Extracts key phrases from a String and returns a list of phrases. The function calculates key phrases using TF/IDF algorithm, which takes the total number of times each term appears within the String and offsets that value by the number of times it appears within a larger body of work. Offsetting the value helps filter out frequently-used terms like "the" and "it". The body of work used as the control is selected internally based on the String's language; for example, the model used for English is based on a New York Times corpus. The extractKeyPhrases function is a wrapper function for the TF/IDF Term extractor enrichment module.

The number of key phrases returned by extractKeyPhrases is a function of the TF/IDF curve. By default, it stops returning terms when the score of a given term falls below ~68%.

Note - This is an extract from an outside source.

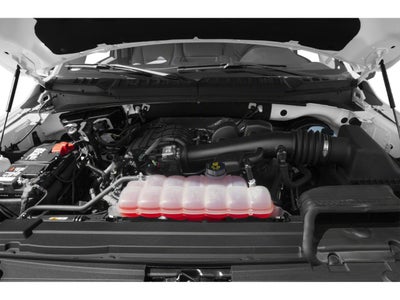 2018 Ford F-150 XL 4WD Reg Cab 6.5' Box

extractKeyPhrases accepts the following parameters:
  • text. The text in type String that is to be processed. It is recommended that you convert the text to lowercase first, especially if it is in all caps.
  • language. An optional parameter that specifies the language name or code (for example "en", "English", "German") to improve accuracy. Supported languages are English (UK/US), Portuguese (Brazilian), Spanish, French, German, and Italian. When specified it forces the function to use a model specific to that language. When not specified, or when passed as null (this is the default), the language is automatically detected.
Note: When you create a new attribute as a result of using this function, make sure the attribute is of type multi-assign.

extractNounGroups

Returns a String containing noun groups. A noun group is any noun, such as "movie" or "building". This is a wrapper function for the Noun Group Extractor enrichment module. This module finds and returns noun groups from a string attribute in each of the supported languages. It is used in tag cloud visualization, for finding commonly occurring themes in the data.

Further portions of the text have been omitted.